The experimental results highlight the significant advantages of BioGITOM compared to other highly ranked systems. A key strength of our approach lies in the Graph Isomorphism Transformer (GIT) model, which effectively generates contextually relevant representations, enabling the system to handle the complexities of biomedical ontologies. This capability is especially valuable when working with intricate and heterogeneous ontological structures.

However, a limitation of our current approach is its focus solely on generating equivalent mappings. This narrow focus does not fully address other types of semantic relationships, such as subsumption, which may be crucial in certain OM tasks.

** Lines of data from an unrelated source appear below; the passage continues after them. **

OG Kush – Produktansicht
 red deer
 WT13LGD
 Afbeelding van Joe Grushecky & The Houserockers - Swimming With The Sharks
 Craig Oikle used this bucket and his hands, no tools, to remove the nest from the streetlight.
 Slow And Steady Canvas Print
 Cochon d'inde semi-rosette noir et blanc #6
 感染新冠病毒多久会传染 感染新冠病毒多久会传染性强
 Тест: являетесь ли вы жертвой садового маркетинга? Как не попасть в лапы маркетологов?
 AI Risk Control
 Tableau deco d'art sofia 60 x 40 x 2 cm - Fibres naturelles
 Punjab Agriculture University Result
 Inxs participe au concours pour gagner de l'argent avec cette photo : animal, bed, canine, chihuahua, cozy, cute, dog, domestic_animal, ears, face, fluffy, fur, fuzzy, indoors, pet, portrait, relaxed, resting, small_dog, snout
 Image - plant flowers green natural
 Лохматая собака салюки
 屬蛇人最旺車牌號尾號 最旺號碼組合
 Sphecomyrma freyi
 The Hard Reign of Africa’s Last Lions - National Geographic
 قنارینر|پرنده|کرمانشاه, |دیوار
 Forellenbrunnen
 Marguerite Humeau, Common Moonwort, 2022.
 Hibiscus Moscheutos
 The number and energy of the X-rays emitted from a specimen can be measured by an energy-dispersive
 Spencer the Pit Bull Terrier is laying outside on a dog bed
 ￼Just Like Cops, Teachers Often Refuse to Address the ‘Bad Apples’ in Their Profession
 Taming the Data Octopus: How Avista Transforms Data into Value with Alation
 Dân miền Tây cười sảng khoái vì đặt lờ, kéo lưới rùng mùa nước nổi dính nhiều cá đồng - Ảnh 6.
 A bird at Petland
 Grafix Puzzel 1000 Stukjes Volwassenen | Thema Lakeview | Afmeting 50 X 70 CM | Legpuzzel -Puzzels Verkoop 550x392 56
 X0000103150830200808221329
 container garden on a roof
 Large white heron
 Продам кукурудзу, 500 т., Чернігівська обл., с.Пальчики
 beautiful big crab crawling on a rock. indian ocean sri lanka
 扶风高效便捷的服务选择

To enhance the system’s versatility and performance, we are actively investigating ways to expand the range of matching relationships that BioGITOM can handle, moving beyond simple equivalences to include subsumption, and other relevant relationships.

Additionally, we are exploring the transfer of concept representations into a hyperbolic integration space. This shift is motivated by the limitations of Euclidean space for hierarchical ontologies, where distortions can occur. Hyperbolic space is better suited for preserving hierarchical structures, and we believe that this transformation will significantly improve BioGITOM’s accuracy and representation of complex ontological relationships [ 11, 12 ].